Collection entries:
★ ★ ★

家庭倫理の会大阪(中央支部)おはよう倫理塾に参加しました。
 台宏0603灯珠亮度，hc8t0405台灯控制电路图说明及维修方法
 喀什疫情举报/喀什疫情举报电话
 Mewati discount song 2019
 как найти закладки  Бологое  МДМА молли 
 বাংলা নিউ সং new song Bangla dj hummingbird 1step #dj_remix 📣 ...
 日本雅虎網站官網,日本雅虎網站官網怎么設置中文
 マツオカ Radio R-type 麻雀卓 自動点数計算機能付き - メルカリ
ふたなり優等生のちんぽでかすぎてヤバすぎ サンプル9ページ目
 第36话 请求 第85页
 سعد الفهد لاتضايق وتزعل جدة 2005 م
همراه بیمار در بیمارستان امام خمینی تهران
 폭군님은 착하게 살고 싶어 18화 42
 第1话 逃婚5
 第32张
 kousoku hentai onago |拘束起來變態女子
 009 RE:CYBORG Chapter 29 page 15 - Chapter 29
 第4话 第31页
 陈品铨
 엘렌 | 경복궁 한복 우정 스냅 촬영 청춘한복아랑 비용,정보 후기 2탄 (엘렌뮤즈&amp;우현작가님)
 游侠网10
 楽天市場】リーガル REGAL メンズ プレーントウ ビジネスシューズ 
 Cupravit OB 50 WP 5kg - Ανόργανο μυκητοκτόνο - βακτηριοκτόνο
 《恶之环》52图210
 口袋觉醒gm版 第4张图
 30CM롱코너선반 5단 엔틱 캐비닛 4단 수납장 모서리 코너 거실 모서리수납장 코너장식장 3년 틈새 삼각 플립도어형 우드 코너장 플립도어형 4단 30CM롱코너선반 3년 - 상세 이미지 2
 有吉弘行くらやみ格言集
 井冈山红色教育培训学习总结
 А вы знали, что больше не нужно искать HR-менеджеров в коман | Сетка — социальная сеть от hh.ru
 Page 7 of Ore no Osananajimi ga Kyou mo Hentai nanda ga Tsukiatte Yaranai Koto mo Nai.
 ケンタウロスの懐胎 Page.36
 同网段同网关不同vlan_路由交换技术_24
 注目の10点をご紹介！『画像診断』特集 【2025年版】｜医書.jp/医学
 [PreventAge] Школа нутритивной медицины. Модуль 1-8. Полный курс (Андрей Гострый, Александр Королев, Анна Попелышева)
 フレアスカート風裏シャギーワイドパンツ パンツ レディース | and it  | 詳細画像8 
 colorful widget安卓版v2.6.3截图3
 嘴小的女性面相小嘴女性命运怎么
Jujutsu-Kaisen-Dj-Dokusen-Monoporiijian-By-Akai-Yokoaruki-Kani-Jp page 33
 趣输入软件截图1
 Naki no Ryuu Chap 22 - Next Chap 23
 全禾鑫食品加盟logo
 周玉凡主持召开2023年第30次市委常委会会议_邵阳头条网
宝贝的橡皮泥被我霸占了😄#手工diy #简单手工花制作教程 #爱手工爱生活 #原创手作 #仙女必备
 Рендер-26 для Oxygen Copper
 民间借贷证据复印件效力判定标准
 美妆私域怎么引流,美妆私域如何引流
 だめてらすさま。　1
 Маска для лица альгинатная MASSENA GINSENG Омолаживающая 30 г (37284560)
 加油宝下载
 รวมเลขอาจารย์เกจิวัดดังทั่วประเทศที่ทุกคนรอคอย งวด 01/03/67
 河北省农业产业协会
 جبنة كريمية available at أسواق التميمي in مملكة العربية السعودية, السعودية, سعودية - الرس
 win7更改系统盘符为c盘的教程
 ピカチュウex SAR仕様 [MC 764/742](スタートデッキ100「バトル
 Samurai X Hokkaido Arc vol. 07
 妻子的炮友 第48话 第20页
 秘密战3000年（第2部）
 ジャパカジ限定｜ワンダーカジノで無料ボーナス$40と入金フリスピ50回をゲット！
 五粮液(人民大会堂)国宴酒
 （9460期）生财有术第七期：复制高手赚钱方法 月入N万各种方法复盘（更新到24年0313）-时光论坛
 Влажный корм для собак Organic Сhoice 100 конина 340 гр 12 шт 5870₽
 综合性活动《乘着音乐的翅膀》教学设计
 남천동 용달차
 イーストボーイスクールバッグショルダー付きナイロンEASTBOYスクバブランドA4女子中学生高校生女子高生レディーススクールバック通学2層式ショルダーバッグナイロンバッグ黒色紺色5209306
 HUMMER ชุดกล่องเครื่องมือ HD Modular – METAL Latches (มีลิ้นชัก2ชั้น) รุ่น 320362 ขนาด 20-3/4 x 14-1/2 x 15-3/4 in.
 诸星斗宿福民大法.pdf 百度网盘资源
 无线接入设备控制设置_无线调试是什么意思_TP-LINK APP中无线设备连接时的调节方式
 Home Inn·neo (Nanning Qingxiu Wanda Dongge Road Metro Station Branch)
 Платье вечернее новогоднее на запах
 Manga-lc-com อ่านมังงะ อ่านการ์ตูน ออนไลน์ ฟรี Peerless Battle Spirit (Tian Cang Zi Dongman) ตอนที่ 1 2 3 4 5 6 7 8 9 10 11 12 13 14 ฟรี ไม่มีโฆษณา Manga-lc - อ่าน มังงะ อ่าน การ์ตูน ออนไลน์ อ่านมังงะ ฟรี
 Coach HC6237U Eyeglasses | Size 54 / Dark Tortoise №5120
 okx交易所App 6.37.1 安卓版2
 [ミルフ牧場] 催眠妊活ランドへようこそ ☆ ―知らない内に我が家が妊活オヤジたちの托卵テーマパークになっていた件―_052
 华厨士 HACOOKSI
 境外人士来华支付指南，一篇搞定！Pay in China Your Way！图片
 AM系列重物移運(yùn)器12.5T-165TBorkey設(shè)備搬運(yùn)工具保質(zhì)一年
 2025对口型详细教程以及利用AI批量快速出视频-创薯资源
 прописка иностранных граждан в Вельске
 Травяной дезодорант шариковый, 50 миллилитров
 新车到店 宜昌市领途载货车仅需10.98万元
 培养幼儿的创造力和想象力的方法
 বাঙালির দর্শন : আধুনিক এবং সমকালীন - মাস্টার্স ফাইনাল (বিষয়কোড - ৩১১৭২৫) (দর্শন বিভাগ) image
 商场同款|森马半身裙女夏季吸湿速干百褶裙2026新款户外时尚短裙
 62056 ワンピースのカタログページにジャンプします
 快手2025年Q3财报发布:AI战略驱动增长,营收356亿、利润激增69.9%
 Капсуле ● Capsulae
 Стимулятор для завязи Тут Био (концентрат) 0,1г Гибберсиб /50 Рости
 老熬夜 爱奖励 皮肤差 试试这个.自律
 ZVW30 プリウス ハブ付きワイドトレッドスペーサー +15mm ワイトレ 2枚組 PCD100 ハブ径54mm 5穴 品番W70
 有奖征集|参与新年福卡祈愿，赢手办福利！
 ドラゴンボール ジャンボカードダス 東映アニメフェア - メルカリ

★ ★ ★

Read through the data above. Report each line that has the word "メルカリ".

 マツオカ Radio R-type 麻雀卓 自動点数計算機能付き - メルカリ
 ドラゴンボール ジャンボカードダス 東映アニメフェア - メルカリ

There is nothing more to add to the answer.